On those who want to see stats for the 'story characters':  Live with it, none of us is going to make a Mistborn as awesome as Vin.  The characters in most fantasy stories are over the top and unbalanced, making poor PCs.  It's not just that Vin is an epic (level 21+) character, as much as that she STARTS the book just a few month's training from a fairly unacheivable character.

[Example:  My favorite RIFTS character was Python the Demigod.  Not because he had awesome power, or because the earth shook when he walked, because neither of these were true.  He lived in terror of Dogboy packs, and the way the Psi Stalkers looked at him like a snack.  No, the reason I liked Python was because of scenes like where he was trying to learn to use chopsticks.  Hint: Just don't even ask.  I got GREAT mental affinity - most people got beyond the fact I was a walking snake-man; dexterity... eh, you always have that one stat that makes you wince in RIFTS.  On the plus side, I held onto my chopsticks and neither of them ended up in my nose.  My POINT is that while awesomeness is fine, we also define ourselves by the LIMITATIONS of our characters.]

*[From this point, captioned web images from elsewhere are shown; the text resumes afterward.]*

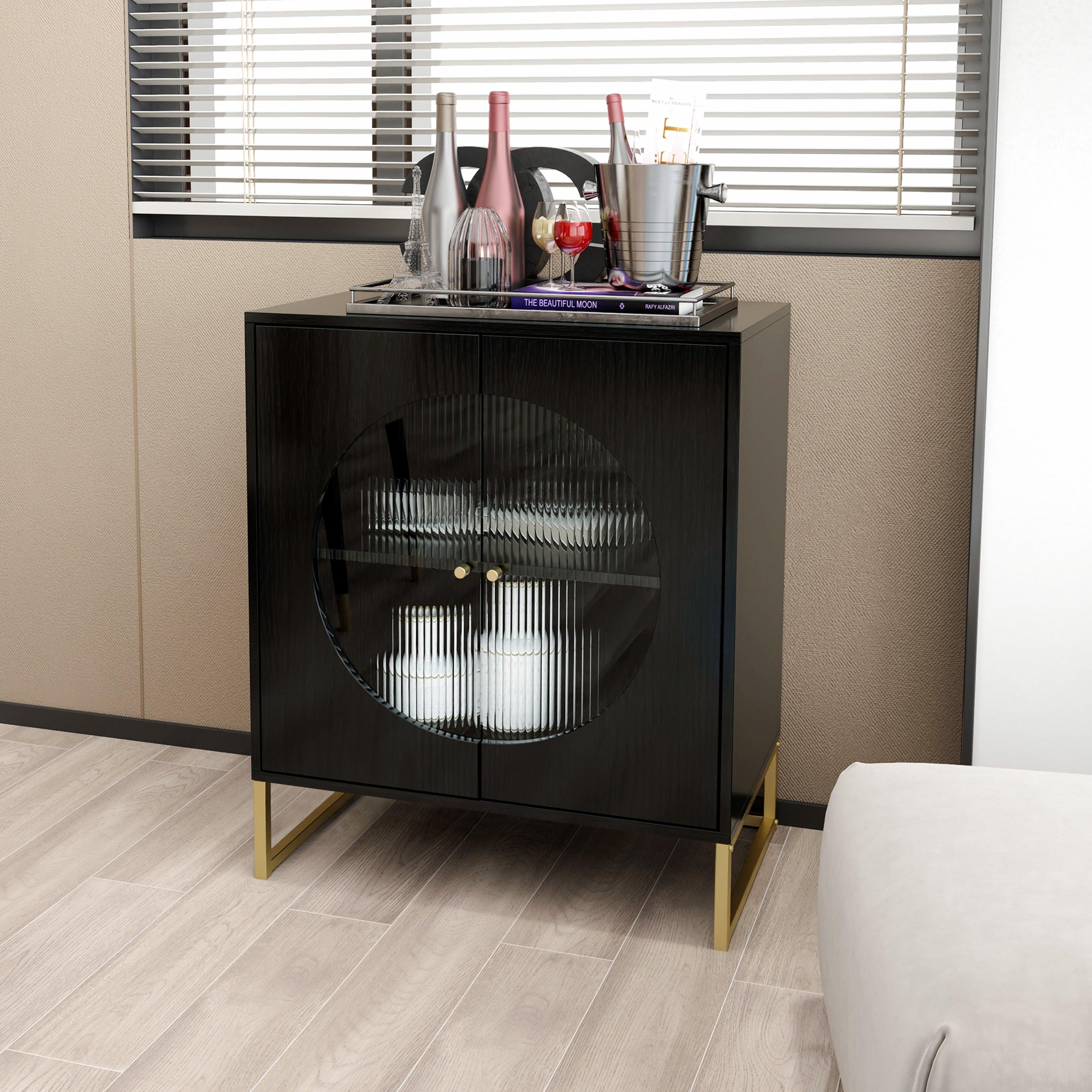 BlackStorage Cabinet with Glass Door, Sideboard Buffet Cabinet for Kitchen,Dining Room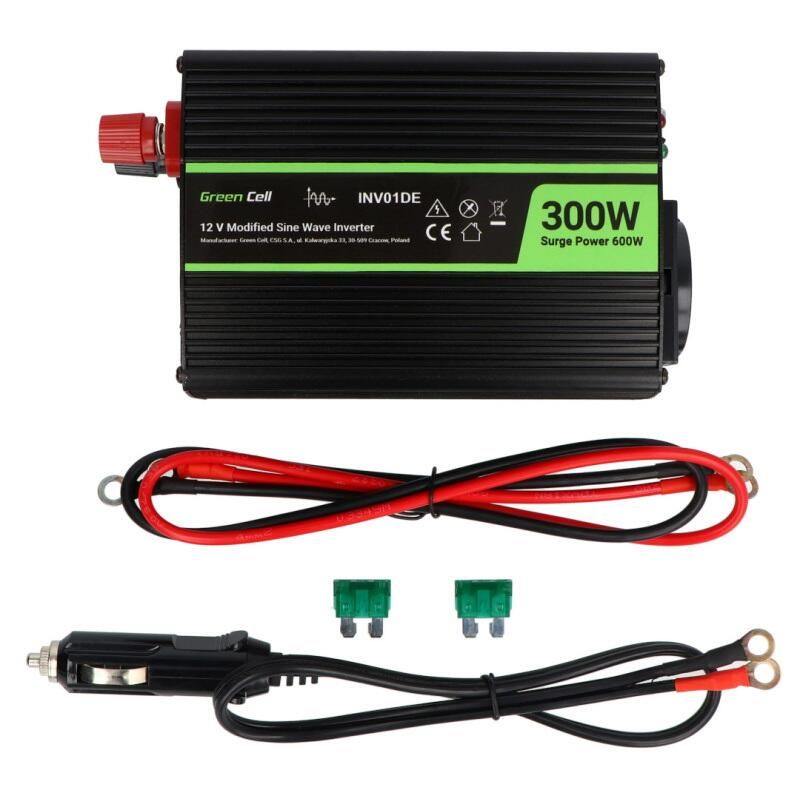 Strømomformer DC/AC Green Cell 12V/230V, 300W/600W, modifisert sinusbølge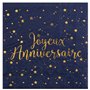 Chal - 20 Serviettes Bleu Marine et Or Joyeux Anniversaire
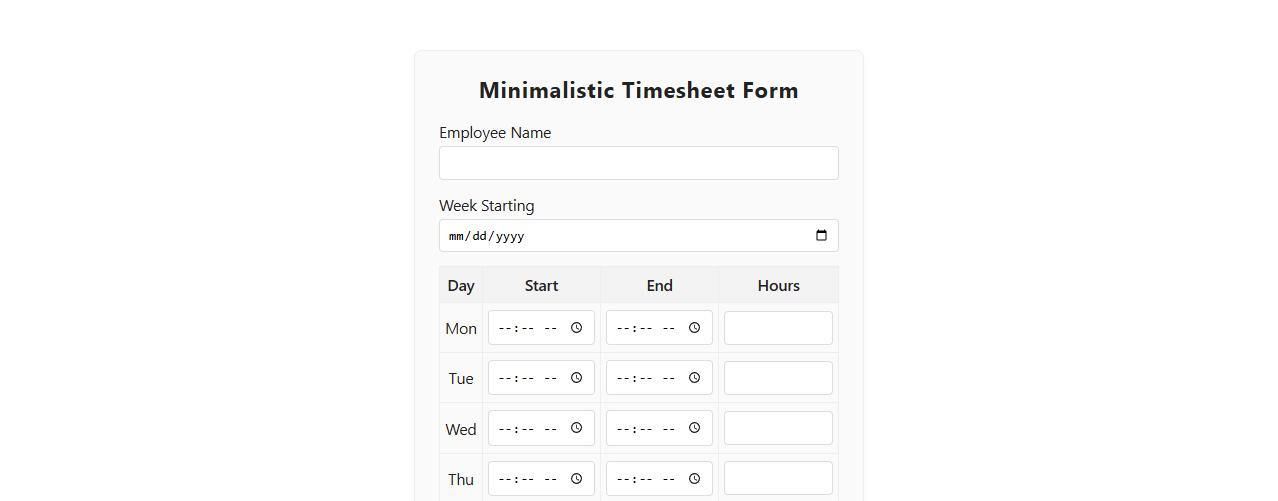 minimalistic simple timesheet form sample template image preview
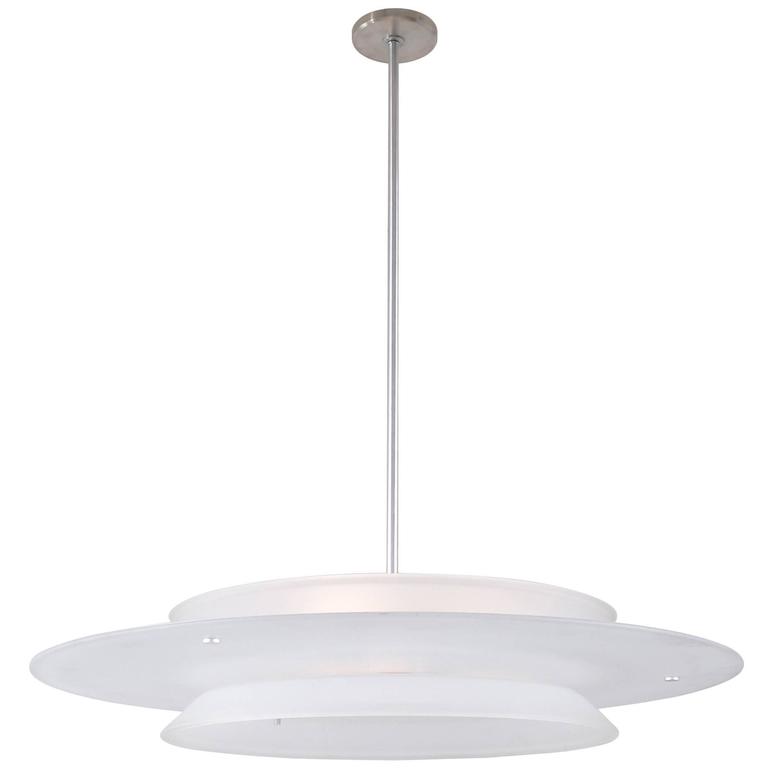 Duesenberg No 038 36 Space Ship Pendant Light In Frosted Glass For 038 36 Space Ship Pendant Light In Frosted Glass For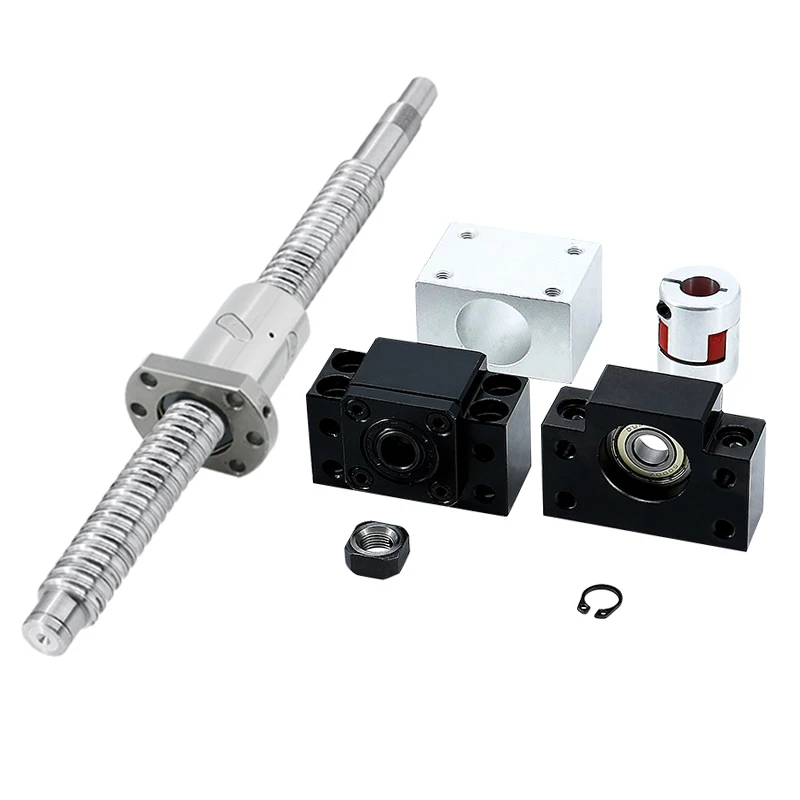 HLTNC – jeu de vis à billes en acier, roulement à plomb de 20mm, SFU2005 avec écrou à bille unique BKBF15, boîtier d'écrou d'accouplement pour CNC personnalisable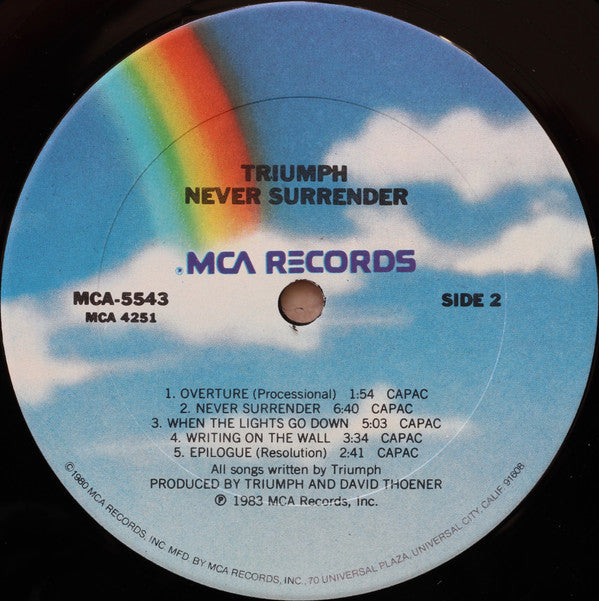 Triumph (2) : Never Surrender (LP, Album, Club, RE)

I'm not sure that MISTBORN meshes well with Gamecraft; it seems that Vin always has that 'spare vial of metals' with her.  To some extent, YES, if I'm an Allomancer I'm going to have metal dust as available as I can make it.  But Pewter and Tin are the only metals with KNOWN drawbacks to over-use.  Balancing metal-users and mundanes is going to be the primary challenge of this RPG, and I'm looking forward to seeing it done.

Feruchemy worries me... 'You spent two weeks in town-' immediately the Terris character is going to tell you that they spent all two weeks in a nearly comatose state, stockpiling the attributes they'll squander later.  Seriously, it begs for the Order of the Broken Ring, a grandmother's union that putters about town, poking sleeping people with dangerously sharp butter knives. 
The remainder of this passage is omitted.